INSTRUCTIONS FOR THE TASK: Using the data below, return word for word every line from the one holding "Male God, Your" down to the one holding "Frankenweenie Extrait vidéo (2) VF". Leave pictures out.

Brief descriptive captions
□ □ □ □

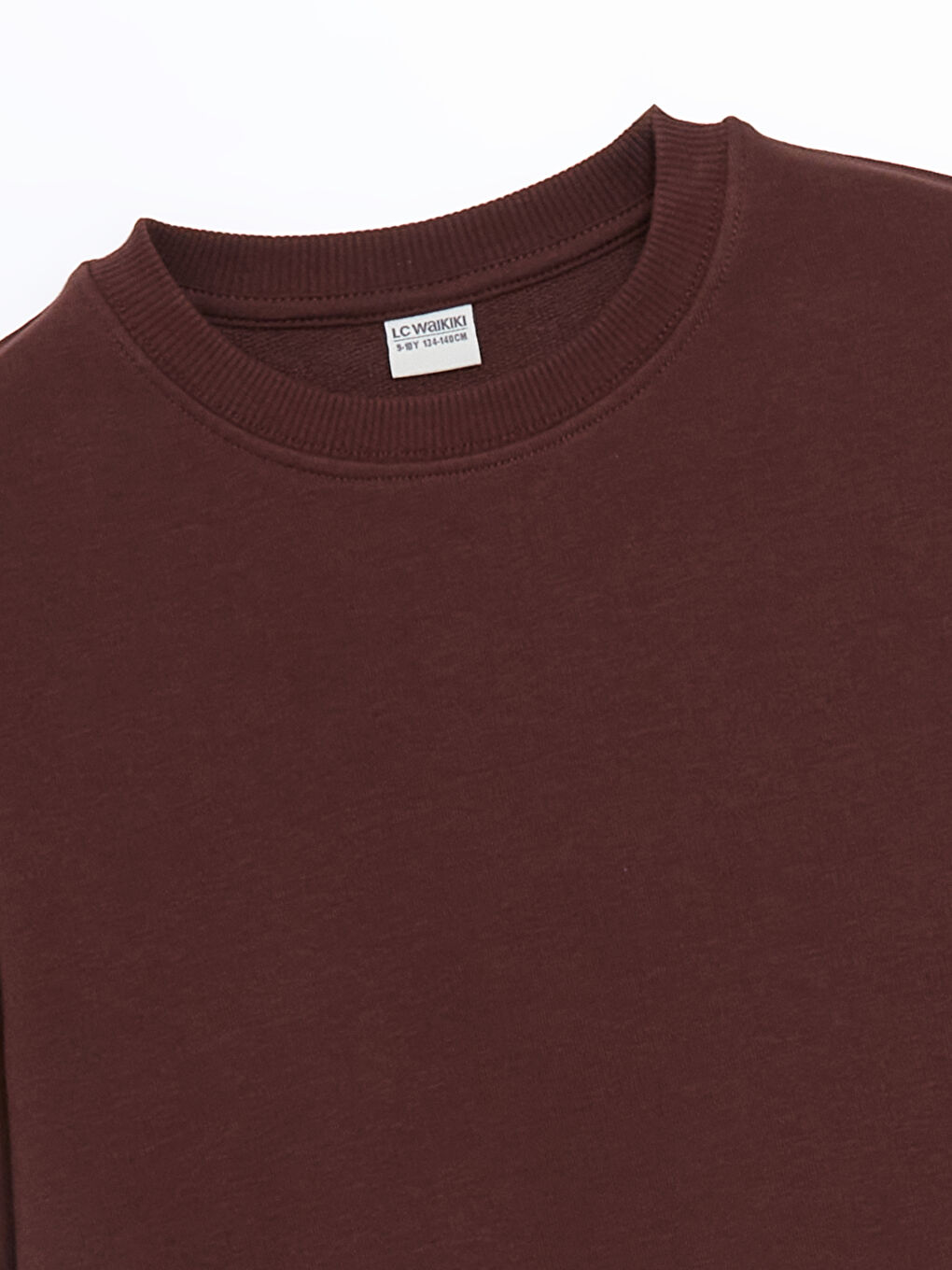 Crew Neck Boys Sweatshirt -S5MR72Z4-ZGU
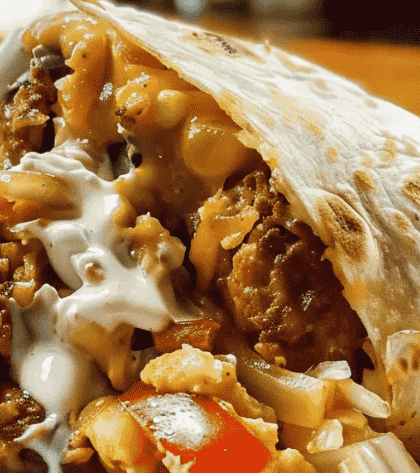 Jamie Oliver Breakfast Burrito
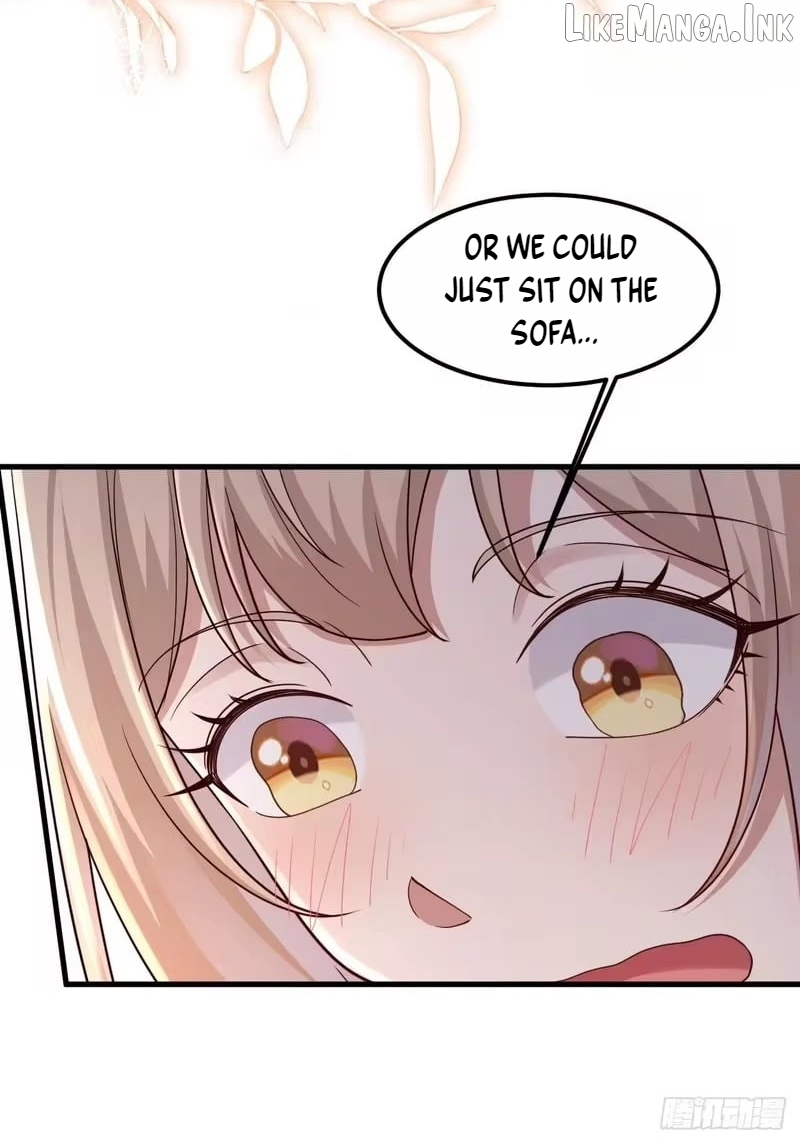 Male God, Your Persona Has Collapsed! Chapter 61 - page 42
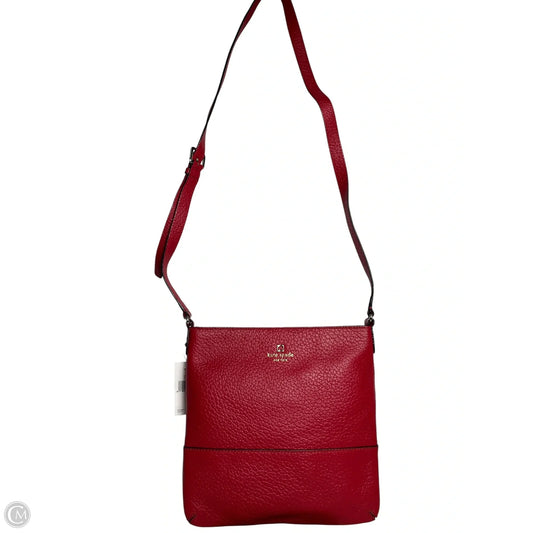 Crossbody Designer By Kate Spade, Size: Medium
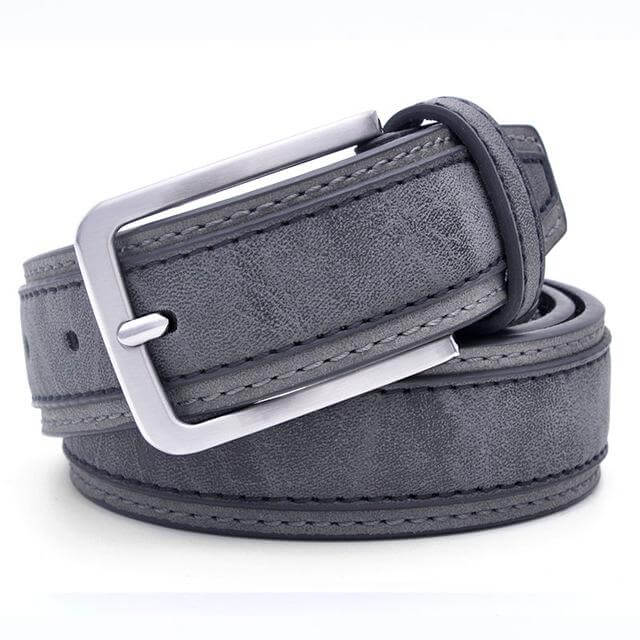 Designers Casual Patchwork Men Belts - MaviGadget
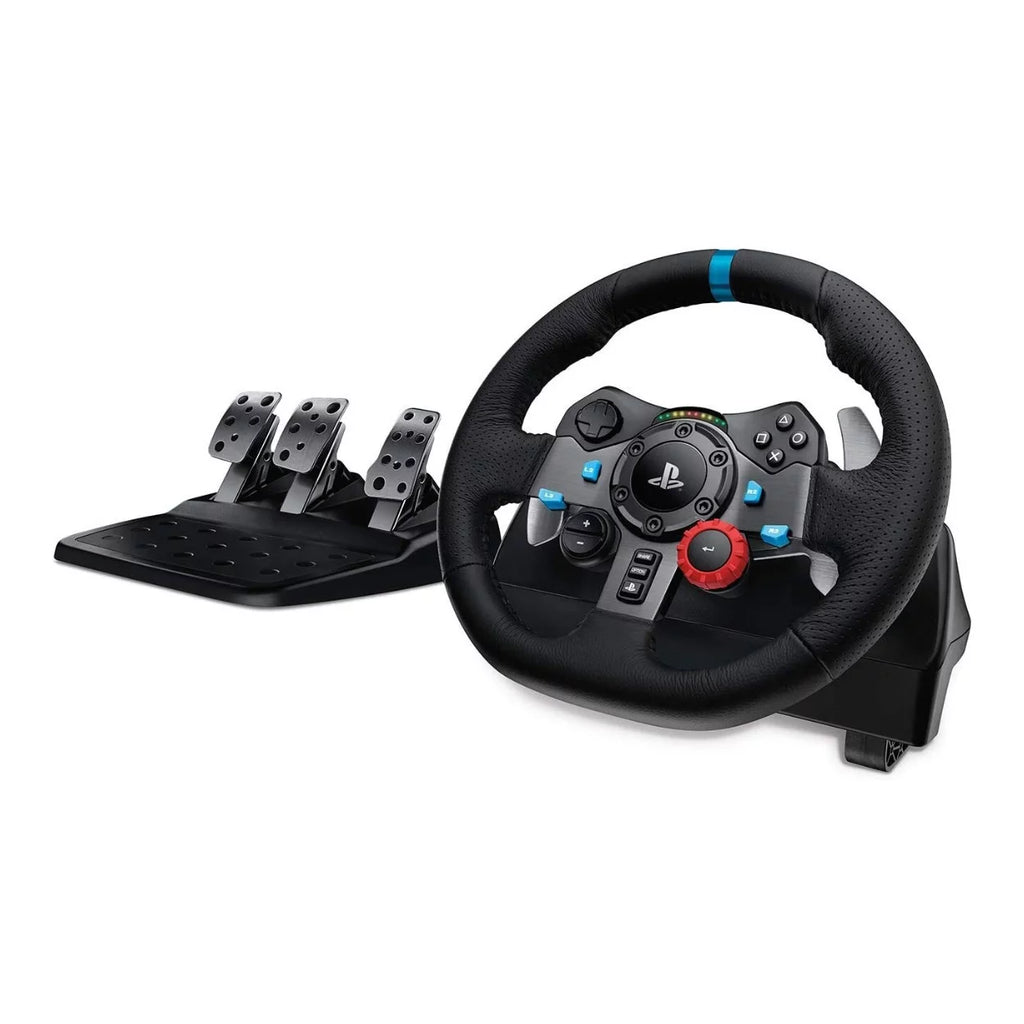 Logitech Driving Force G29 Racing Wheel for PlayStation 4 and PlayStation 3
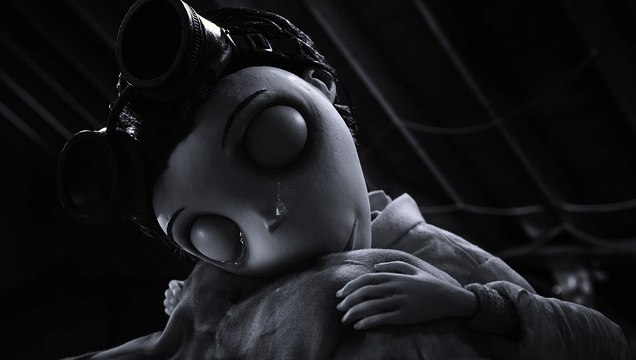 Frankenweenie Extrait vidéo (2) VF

□ □ □ □

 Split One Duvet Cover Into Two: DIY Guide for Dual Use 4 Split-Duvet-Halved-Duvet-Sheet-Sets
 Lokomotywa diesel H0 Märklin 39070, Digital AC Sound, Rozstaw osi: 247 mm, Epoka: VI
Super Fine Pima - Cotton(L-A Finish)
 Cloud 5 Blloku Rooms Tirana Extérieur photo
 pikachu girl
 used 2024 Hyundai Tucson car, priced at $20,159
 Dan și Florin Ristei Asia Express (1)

□ □ □ □

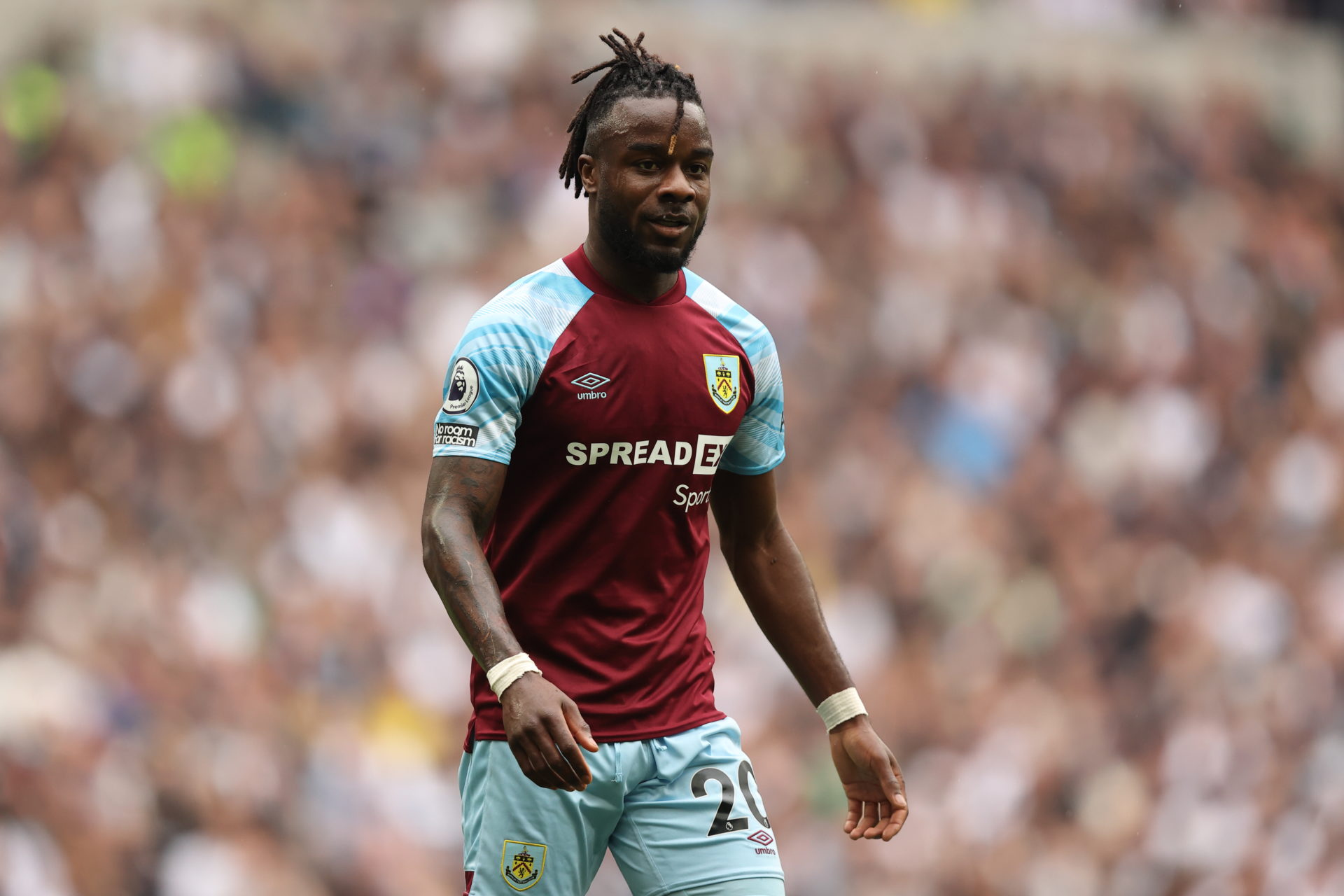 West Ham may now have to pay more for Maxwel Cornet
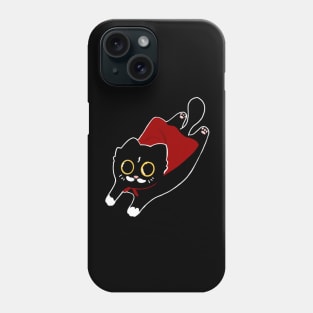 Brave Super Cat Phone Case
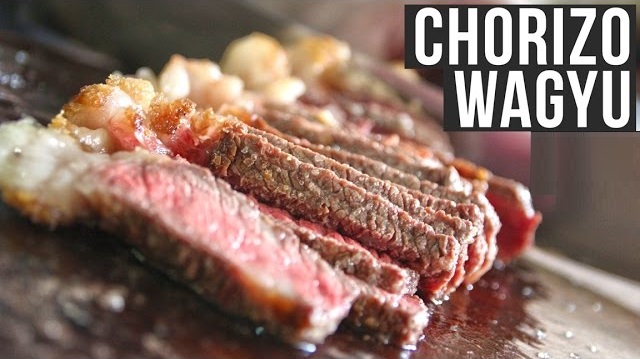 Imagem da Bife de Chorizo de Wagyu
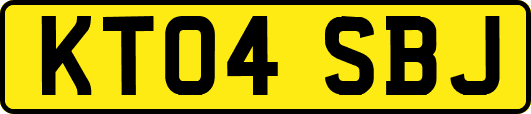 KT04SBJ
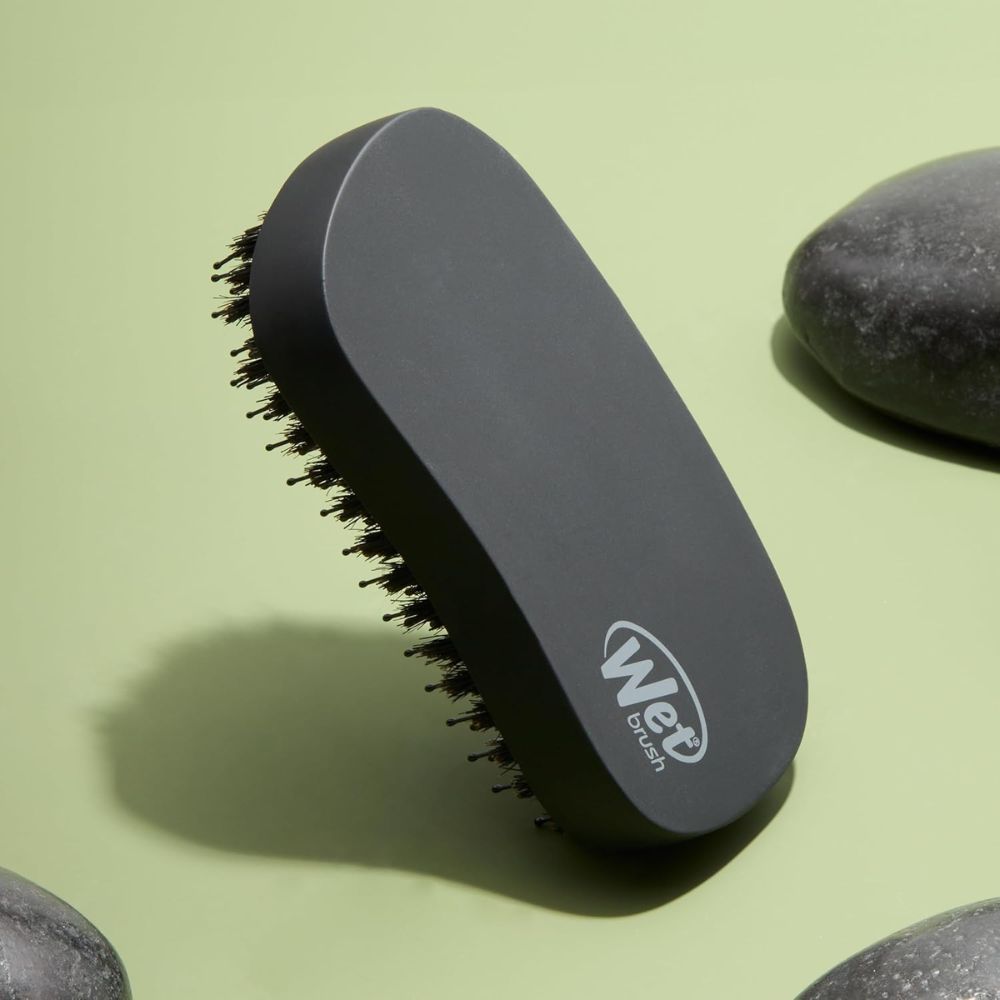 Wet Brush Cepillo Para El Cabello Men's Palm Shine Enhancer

□ □ □ □

OUTPUT FOR THIS TASK:
 Male God, Your Persona Has Collapsed! Chapter 61 - page 42
 Crossbody Designer By Kate Spade, Size: Medium
 Designers Casual Patchwork Men Belts - MaviGadget
 Logitech Driving Force G29 Racing Wheel for PlayStation 4 and PlayStation 3
 Frankenweenie Extrait vidéo (2) VF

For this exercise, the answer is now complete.